Rick Refactors %DTC, Step by Step

toad · **Posted:** Sat Jan 29, 2011 9:35 pm

Step five is a break from the approach we followed in the first four steps. Instead of doing a pass over the entire routine, I'm doing a single subroutine.

The reason for the change is simple. We have identified all the calls among the subroutines, but we don't yet understand them; we can't until we know what the called subroutines do. That means we need to start fully analyzing the called subroutines. The best way to proceed is to begin with the self-contained subroutines (those that make no calls out), then to move on to those that only call the subroutines we've analyzed, and so on, in waves.

So, starting with the self-contained subroutines, the easiest ones to analyze are those that are documented, i.e., the public self-contained subroutines, since we know more about them than we do about the private self-contained subroutines. There are three of them - COMMA, H-TOH, and S. We now understand them about as well as we can short of digging in, analyzing, annotating, and generally refactoring them, so that's what we need to do next.

For step five, we're completely refactoring H-TOH. I chose it first because it's the most interesting of the three. It isn't as trivial as S, and it contains what proves to be a disposable label we can remove.

Having sorted out the top-level flow of control, the main two things we need to focus on are (a) the variable scoping and (b) the meaning of the algorithm.
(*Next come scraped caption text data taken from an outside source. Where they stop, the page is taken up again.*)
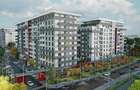 Apartament 2 camere, decomandat, finisat premium, Zona Targ Pucheni - 7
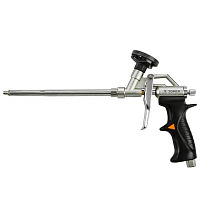Пістолет для монтажної піни  Topex 21B504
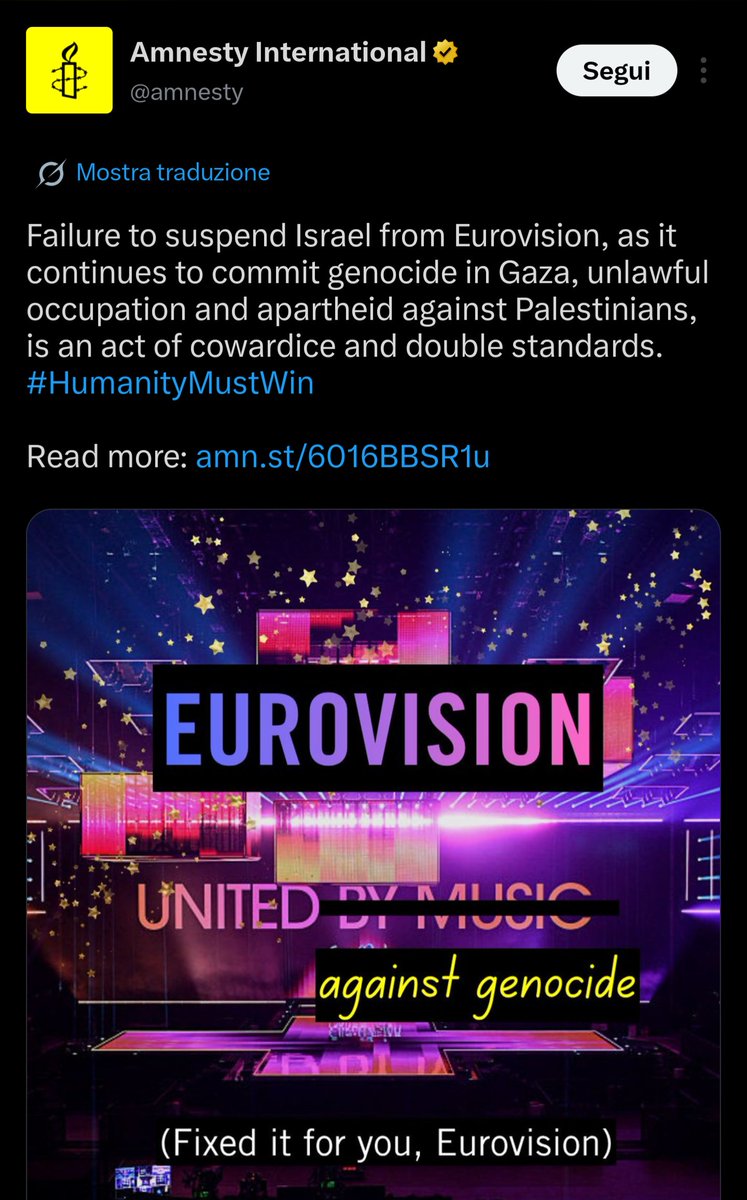 Kambiz Shadmehr tweet media
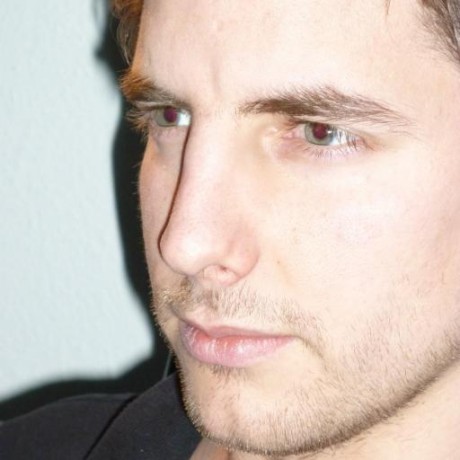 Github Riscv Docs Spec Template - Artistic Dark Texture - High Resolution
Variable scoping is critically important because most of the complexity in MUMPS software comes from its unusual scoping rules, which usually create a very complicated flow of information that can be nigh impenetrable for anyone but the author to fully understand. There are simple tactics you can follow to tighten up your variable scoping so that variables only exist for precisely as long as they need to, which helps your reader understand when they can be ignored and when they need to be attended to. Annotation about variable scoping should focus on the real context of the information being passed around (not just format but also whether it comes from or goes to specific fields in the database, in an HL7 message, etc.). Variable names should be chosen to help the reader remember that context

The meaning of the algorithms is the single most important reason to annotate your code. No code is self-documenting no matter how clear it is, because the most important thing to document is not what the code is doing but WHY, and no third-generation code is capable of explaining why. Third-generation languages are algorithmic in nature - that is, they specify what you are doing step by step - and without comments that's all they can describe. For example, I may not need you to explain that you're adding 1 to X - any competent MUMPS reader can see that - but I surely need you to explain that an imprecise date needs to count at least one day into the current month or year (which is why you're adding 1 if the date is imprecise).
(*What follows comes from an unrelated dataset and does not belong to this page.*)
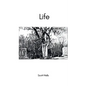 Life - Paperback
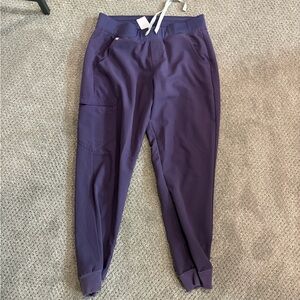 Figs pants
So with those as the goals of the refactoring, here are the changes I made in refactoring H-TOH.

1) Reinsert blank lines in TOH to regroup commands. If you remember from step four, change two, when we break up long lines into multiple short lines we insert blank comment lines to separate the groups of short lines, so we can preserve their logical grouping. Well, in TOH I forgot to do some of that, so I here reinserted the missing blank lines. What's interesting about this step is that the error occurred despite how methodically we've been refactoring. Get used to it. Refactoring passes an astonishing amount of information through your brain (which is why it's such a good way to master a routine), which means you will have plenty of opportunities to violate the seven-plus-or-minus-two rule (how many things at a time you can keep track of). The goal is not to avoid making mistakes - that's impossible, you will make mistakes - but because you've refactored the routine you'll also be the best in the world at finding and fixing your mistakes quickly in the code you've mastered. This first change in step five is an example of why we refactor.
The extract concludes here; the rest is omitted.